== Directions ==
The data below should be restated word for word, with every picture omitted.

== Given information ==
= Beginning of Section =

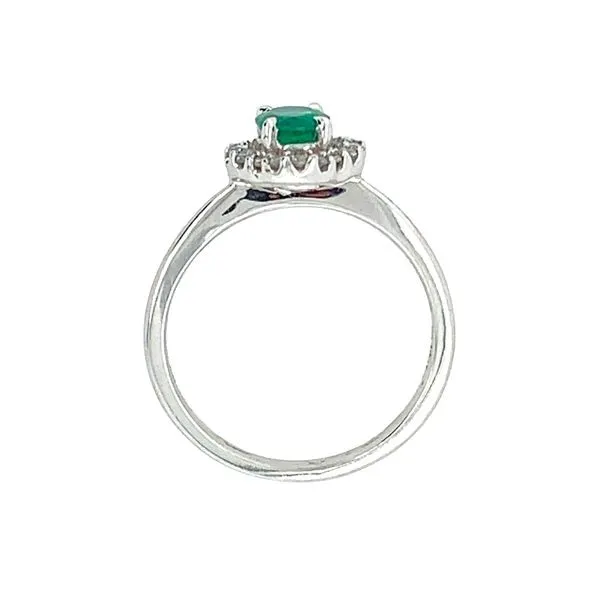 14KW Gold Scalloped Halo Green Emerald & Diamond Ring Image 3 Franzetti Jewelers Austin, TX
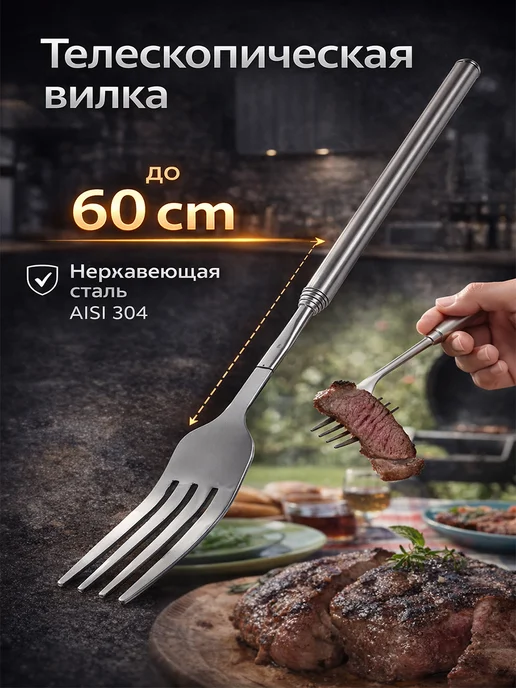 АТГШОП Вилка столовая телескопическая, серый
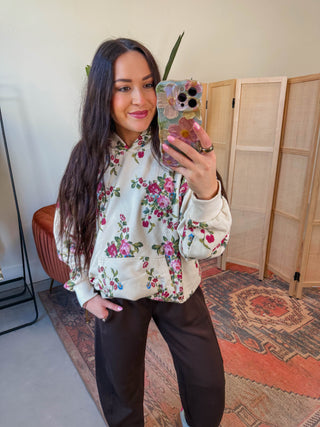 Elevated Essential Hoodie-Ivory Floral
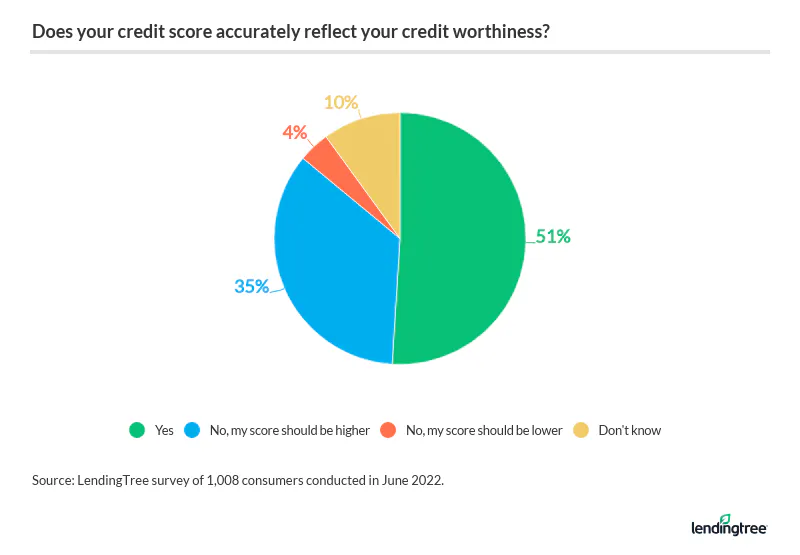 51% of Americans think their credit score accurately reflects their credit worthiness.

= End of Section =

== Written reply ==
 14KW Gold Scalloped Halo Green Emerald & Diamond Ring Image 3 Franzetti Jewelers Austin, TX
 АТГШОП Вилка столовая телескопическая, серый
 Elevated Essential Hoodie-Ivory Floral
 51% of Americans think their credit score accurately reflects their credit worthiness.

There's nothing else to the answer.